Menghani argues that while larger and more complicated models perform well on the tasks they are trained on, they may not show the same performance when applied to real-life situations.

Following are the challenges practitioners face while training and deploying models:

  • The cost of training and deploying large deep learning models is high. The large models are memory-intensive and leave a bigger carbon footprint.
  • A few deep learning applications need to run in real-time on IoT and smart devices. This calls for optimisation of models for specific devices.
  • Building training models with as little data as possible when the user data might be sensitive. 
  • Off the shelf models may not always be able to address the constraints of new applications.
  • Training and deployment of multiple models on the same infrastructure for different applications may exhaust available resources.

A mental model

Menghani presents a mental model complete with algorithms, techniques, and tools for efficient deep learning. It has five major areas: compression techniques, learning techniques, automation, efficient architectures, and infrastructure (hardware).

Mental model

Compression techniques: These algorithms and techniques optimise the model’s architecture, typically by compressing its layers. One of the most popular examples of compression technique is quantisation, where the weight of a layer is compressed by reducing its precision with minimum loss in quality.

Learning techniques: These algorithms are focused on training the model to make fewer prediction errors, require less data, and converge faster. It also gives scope for trimming the parameters for obtaining a smaller footprint or a more efficient model. One example of this is distillation that allows accuracy improvement of a smaller model by teaching it to mimic a larger one.

 Automation: It helps in improving the core metrics of a given model.
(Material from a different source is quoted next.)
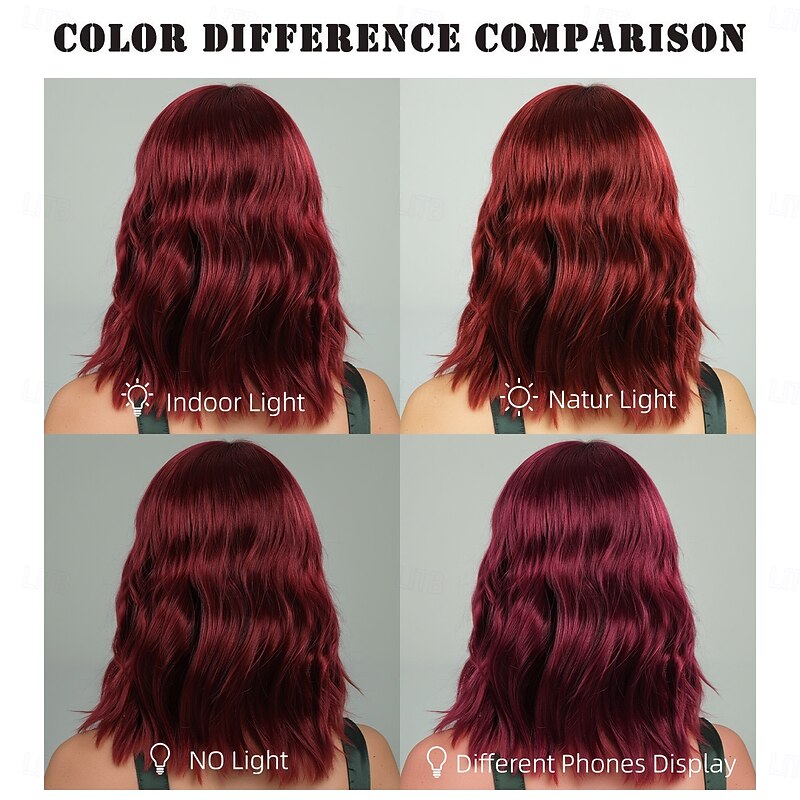 Synthetic Wig Wavy Water Wave Asymmetrical Neat Bang Machine Made Wig 16 inch A1 Synthetic Hair Women's Comfortable Color Gradient Highlighted / Balayage Hair Burgundy3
Hyper-parameter optimisation (HPO) is an example of an automation tool where optimising hyper-parameters increases accuracy. Another technique is architecture search, where the model architecture is tuned and the search helps find a model that optimises both loss and accuracy.

Efficient Architectures: These are fundamental blocks designed from scratch. Such models are superior to the baseline methods such as connected, fully connected layers and RNNs.
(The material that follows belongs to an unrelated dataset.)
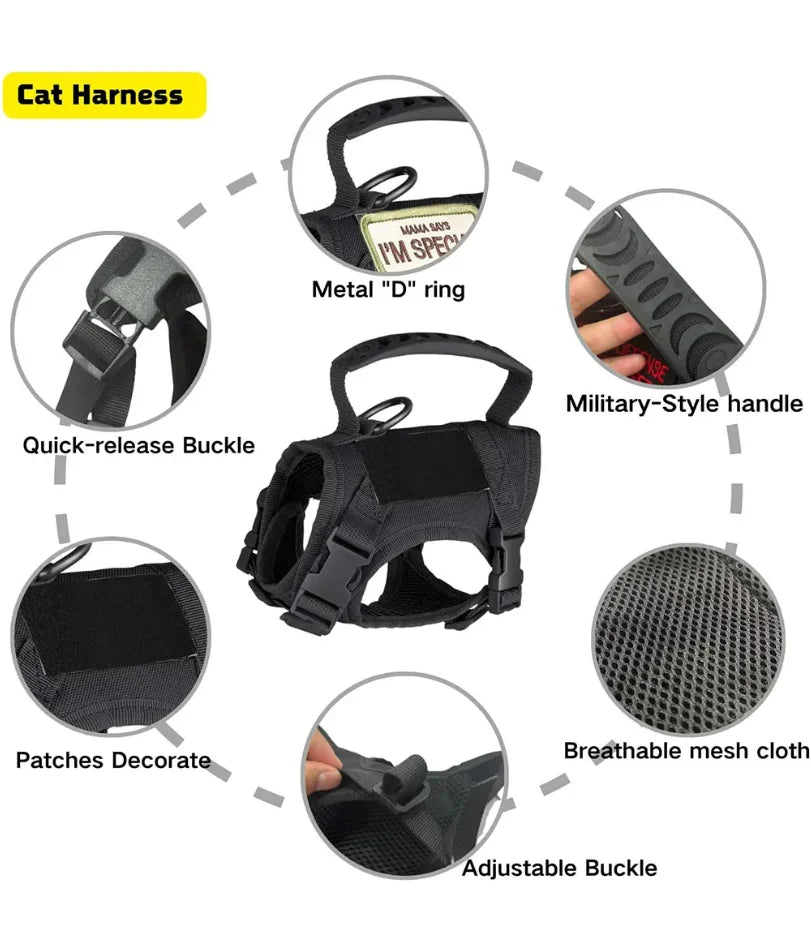 Tactical Cat & Dog Harness – Adjustable Vest with Handle for Training & Walking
Infrastructure: Building an efficient model also needs a strong foundation of infrastructure and tools. It includes model training frameworks such as TensorFlow, PyTorch, etc.

Guide to efficiency

Menghani said the ultimate goal is to build Pareto-optimal models. Pareto efficiency means the resources are allocated in the most economically efficient way. To build Pareto-optimal models, practitioners must achieve the best possible result in one dimension while holding the other constant. Typically, one of these dimensions is quality (metrics such as accuracy, precision, and recall) and the other one is footprint (metrics such as model size, latency, RAM)

He suggests two methods to achieve the Pareto-optimal model:

Shrink and improve footprint sensitive models: This is a useful strategy for practitioners who want to reduce the footprint of the model without compromising on the quality. Shrinking can be useful for on-device deployment and server-side optimisation. Ideally, it should be minimally lossy, but in a few cases, reducing capacity can be compensated by the improve phase.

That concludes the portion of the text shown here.